Exercise:
Drop the pictures and repeat the remaining data exactly.

Collected data:
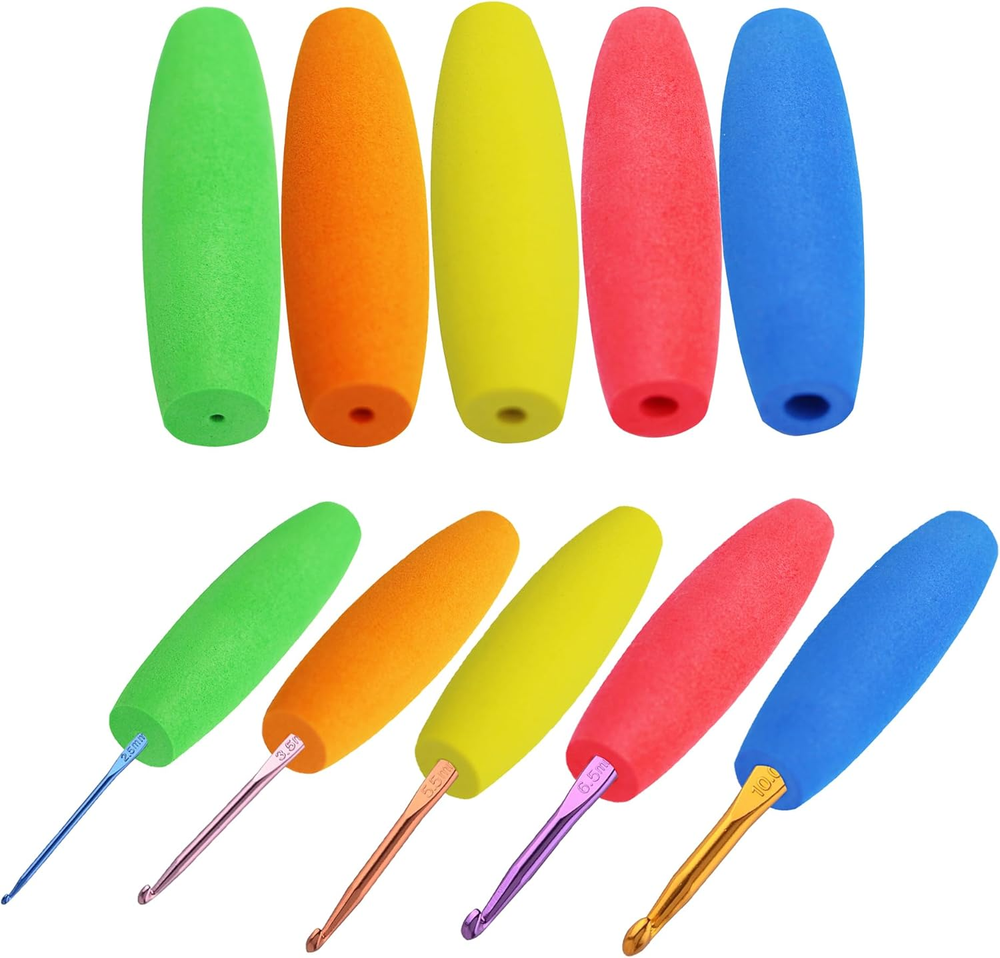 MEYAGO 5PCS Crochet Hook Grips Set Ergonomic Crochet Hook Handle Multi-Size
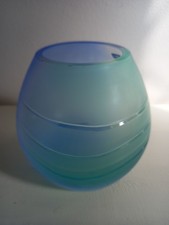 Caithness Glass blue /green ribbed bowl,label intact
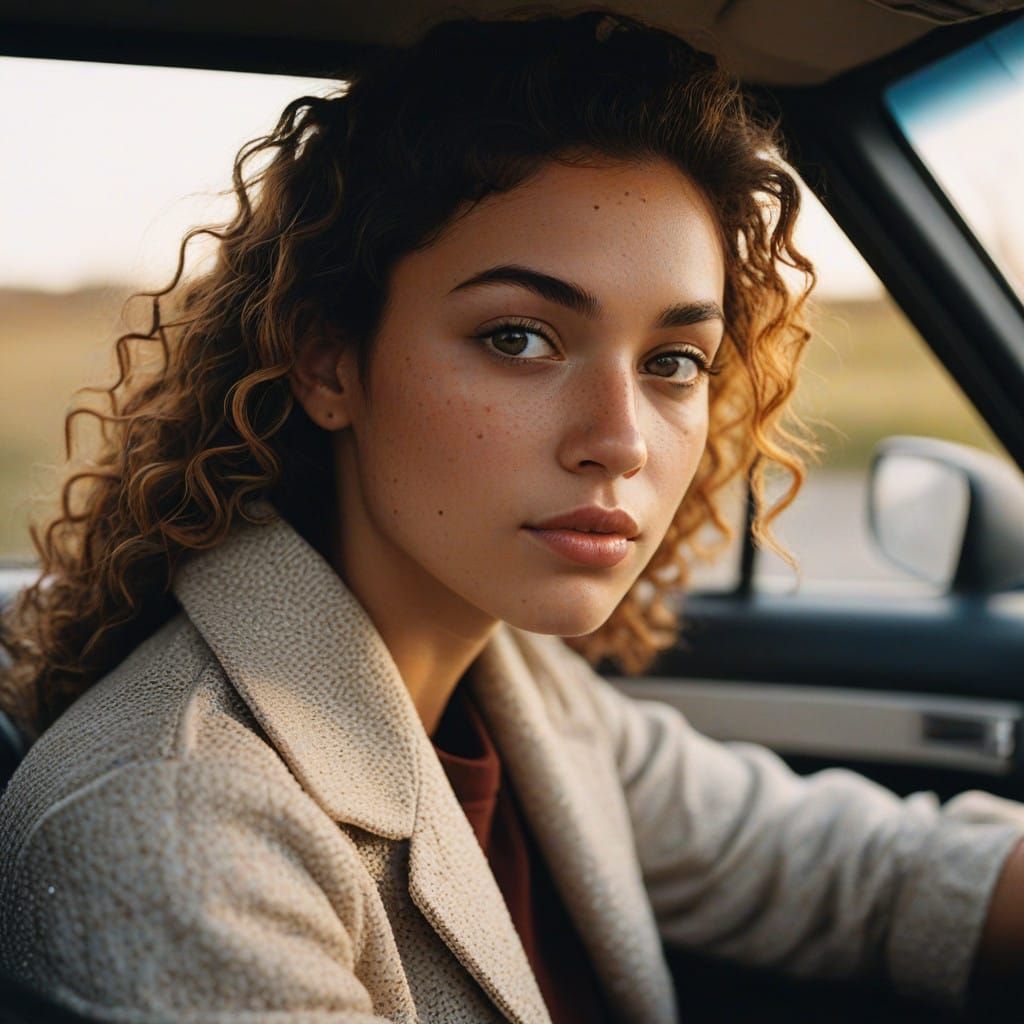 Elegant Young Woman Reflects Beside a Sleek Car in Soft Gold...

Exercise output:
 MEYAGO 5PCS Crochet Hook Grips Set Ergonomic Crochet Hook Handle Multi-Size
 Caithness Glass blue /green ribbed bowl,label intact
 Elegant Young Woman Reflects Beside a Sleek Car in Soft Gold...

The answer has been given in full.